Bitcoin’s Unlikely Trifecta: A Senate Victory, a 13% Dividend Pledge, and a Market That Won’t Euphoria

15.05.2026 - 12:04:26 | boerse-global.de

The Clarity Act advances in the Senate, Strive announces daily cash dividends from Bitcoin reserves, and major institutions reposition—while Bitcoin trades at $80,771 amid mixed signals.

Bitcoin’s Unlikely Trifecta: A Senate Victory, a 13% Dividend Pledge, and a Market That Won’t Euphoria - Foto: über boerse-global.de
Bitcoin’s Unlikely Trifecta: A Senate Victory, a 13% Dividend Pledge, and a Market That Won’t Euphoria - Foto: über boerse-global.de

Bitcoin has spent the past week straddling two very different narratives. On one side sits a tangible regulatory win in Washington; on the other, a corporate treasury experiment that could reshape how companies treat their crypto holdings. Add a set of on-chain metrics that stubbornly refuse to flash red, and the picture is as layered as it is contradictory.

Washington Edges Closer

The Clarity Act cleared the US Senate Banking Committee by a 15-9 vote, with two Democrats crossing the aisle. Bitcoin briefly nudged above $82,000 on the news before settling back. The legislation doesn’t directly govern Bitcoin itself, but its passage signals a more defined regulatory framework for digital assets — a development that could lower the barrier for institutional entry.

Still, the road to law remains bumpy. Unresolved ethics rules and the need for 60 votes in the full Senate mean the bill is far from a done deal. The full chamber vote is expected before the parliamentary recess on May 21. For now, Bitcoin trades at $80,771, up 1.88% on the day but still 8.97% in the red year-to-date — a reminder that legislative tailwinds alone cannot erase macro headwinds.

Strive’s Radical Yield Play

While the Senate deliberates, one company is forging ahead with a strategy that links Bitcoin reserves directly to shareholder returns.
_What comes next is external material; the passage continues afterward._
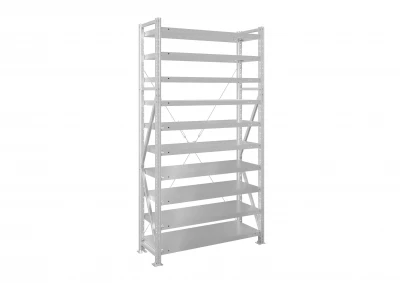 Стеллаж металлический MS U 3000х1200х500 10 полок сплошные до 180 кг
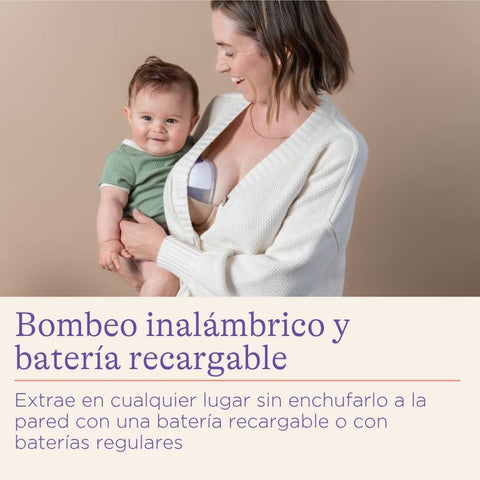 Extractor de Leche Eléctrico Portátil Discreet Duo Flow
Strive, the US firm behind the SATA preferred share, will begin paying daily cash dividends starting mid-June 2026. The target annual rate is 13%, which, thanks to the compounding effect of daily payouts, works out to an effective yield of nearly 14%.

Should investors sell immediately? Or is it worth buying Bitcoin?

For the second half of June, the dividend is already set at $0.0542 per share per business day. Strive is positioning itself as a pure dividend stock — but the foundation is anything but traditional. The company holds more than 15,000 Bitcoin, the ninth-largest corporate stash globally. That hoard, however, comes at a cost.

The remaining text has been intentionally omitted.